– Бросьте. Я сейчас нахожусь в таком состоянии, что готов поверить всему на свете.
– Сомневаюсь, – сказала Ольга. – По-моему…
Она замолчала, прикрыла глаза, даже тихонько простонала сквозь зубы – настолько болезненным и непонятным было то, что на нее внезапно обрушилось неслышным ураганом – и тут же улетучилось. Приступ невероятной слабости, лютого горя, смертной тоски сковал тело и сознание, ударил так, что захотелось выть. Это ощущение тут же схлынуло, но само воспоминание о неведомом ударе было настолько омерзительным, что Ольгу затошнило и она с трудом овладела собой.
– Что с вами?
– Пустяки, – сказала Ольга, – ноет зуб… Ну что же, ваше сиятельство… Давайте заключим некий договор? Как только мне удастся что-то узнать… нечто, способное сойти за надежные улики, я немедленно поставлю вас в известность. У меня свои счеты с этими господами, и потому я не остановлюсь и не успокоюсь…

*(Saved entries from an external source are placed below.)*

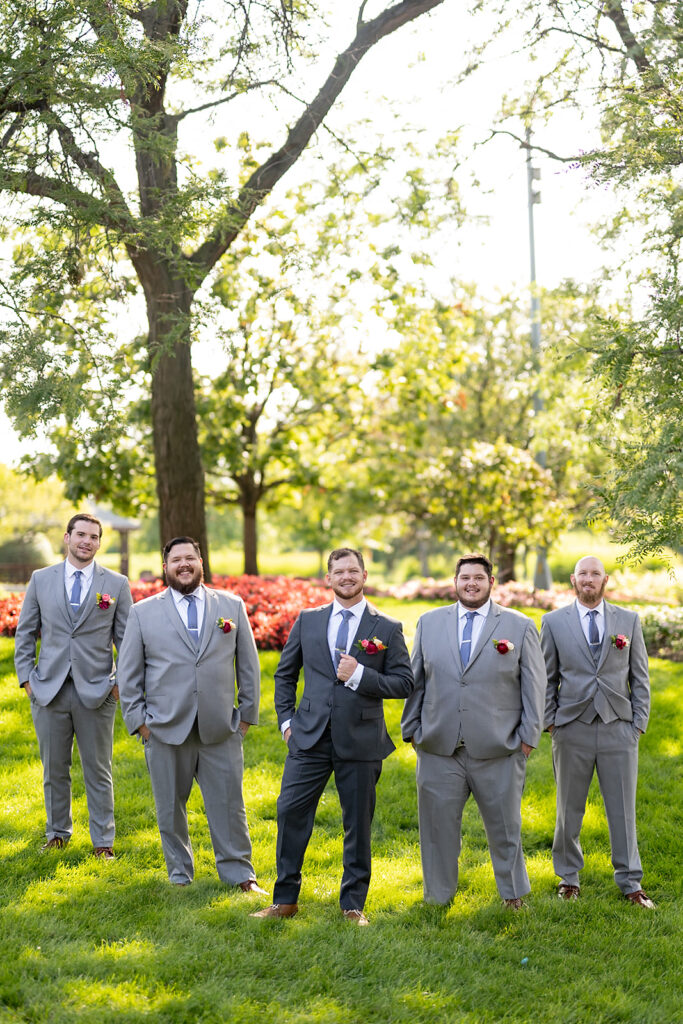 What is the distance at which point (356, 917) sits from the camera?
18.8ft

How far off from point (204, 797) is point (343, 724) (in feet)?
3.97

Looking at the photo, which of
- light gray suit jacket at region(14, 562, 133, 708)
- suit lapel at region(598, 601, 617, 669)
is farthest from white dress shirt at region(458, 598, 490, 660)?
light gray suit jacket at region(14, 562, 133, 708)

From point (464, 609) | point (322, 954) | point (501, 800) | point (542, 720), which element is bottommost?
point (322, 954)

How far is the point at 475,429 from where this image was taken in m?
29.8

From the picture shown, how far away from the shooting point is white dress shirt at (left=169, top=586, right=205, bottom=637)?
6230mm

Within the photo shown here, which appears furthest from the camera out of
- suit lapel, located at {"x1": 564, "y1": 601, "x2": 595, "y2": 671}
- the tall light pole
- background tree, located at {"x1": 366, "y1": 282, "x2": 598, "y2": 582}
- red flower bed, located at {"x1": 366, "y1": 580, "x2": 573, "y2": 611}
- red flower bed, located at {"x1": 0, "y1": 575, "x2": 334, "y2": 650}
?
the tall light pole

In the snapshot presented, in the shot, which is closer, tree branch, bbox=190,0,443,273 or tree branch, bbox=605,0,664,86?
tree branch, bbox=605,0,664,86

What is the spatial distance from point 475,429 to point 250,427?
12013 millimetres

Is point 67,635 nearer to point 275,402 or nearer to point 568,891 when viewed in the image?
point 568,891

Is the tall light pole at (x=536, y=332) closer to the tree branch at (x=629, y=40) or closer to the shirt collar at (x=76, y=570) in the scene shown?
the tree branch at (x=629, y=40)

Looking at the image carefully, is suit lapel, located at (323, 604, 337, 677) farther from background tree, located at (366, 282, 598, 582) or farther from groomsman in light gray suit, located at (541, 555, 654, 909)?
background tree, located at (366, 282, 598, 582)

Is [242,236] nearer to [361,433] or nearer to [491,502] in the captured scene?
[361,433]

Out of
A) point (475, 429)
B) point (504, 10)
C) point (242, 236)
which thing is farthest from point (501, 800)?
point (475, 429)

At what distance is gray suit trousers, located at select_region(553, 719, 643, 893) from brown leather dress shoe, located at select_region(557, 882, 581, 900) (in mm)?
26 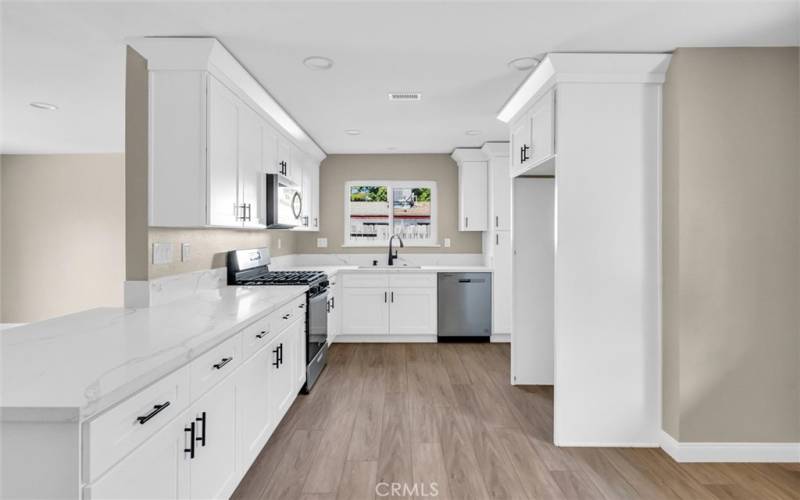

– Боже мой… – с досадой сказал Бенкендорф. – Я себя чувствую персонажем авантюрного романа – таинственные незнакомцы, неизвестно откуда взявшиеся, мистические странности, нераскрываемые загадки… Мерзость какая! – он взял со стола свой бокал и жадно осушил его. – Хорошо. Учитывая сложившуюся ситуацию, я рискну вам поверить. Потому что не вижу другой возможности. Но, повторяю, бойтесь обмануть мое доверие. В этом случае для вас станет крайне неуютной вся империя… Вы можете назвать какие-то сроки?
– Увы… – развела руками Ольга.
– Торопитесь. Вдобавок ко всему государь рвет и мечет, желая видеть своего спасителя…
И тут Ольгу осенило.
– Хотите получить ниточку уже сейчас?
– Слушаю? – насторожился Бенкендорф.
– Ну, коли уж так случилось… Поговорите с Вязинским. Я имею в виду не камергера, а генерала. Его в свое время пытались вовлечь. Он категорически отказался, но из благородства и родственных чувств сохранил все в тайне. Если вы сумеете ему объяснить, что излишнее благородство в данной ситуации неуместно…
– Я попытаюсь, – сказал Бенкендорф, вставая. – Значит, вот оно что… Генерал Вязинский… – он поглядел на Ольгу как-то странно. – Совершеннейший вздор, конечно, но я хватаюсь за любую соломинку, и в голову лезет чушь… Вы мне напоминаете…
– Кого?
– Вздор, вздор… Разрешите откланяться, – его голос вновь приобрел холодную деловитость. – Вы дали чрезвычайно ценный намек, генерал Вязинский сейчас наверняка в Главном штабе… До свидания, и помните наш договор…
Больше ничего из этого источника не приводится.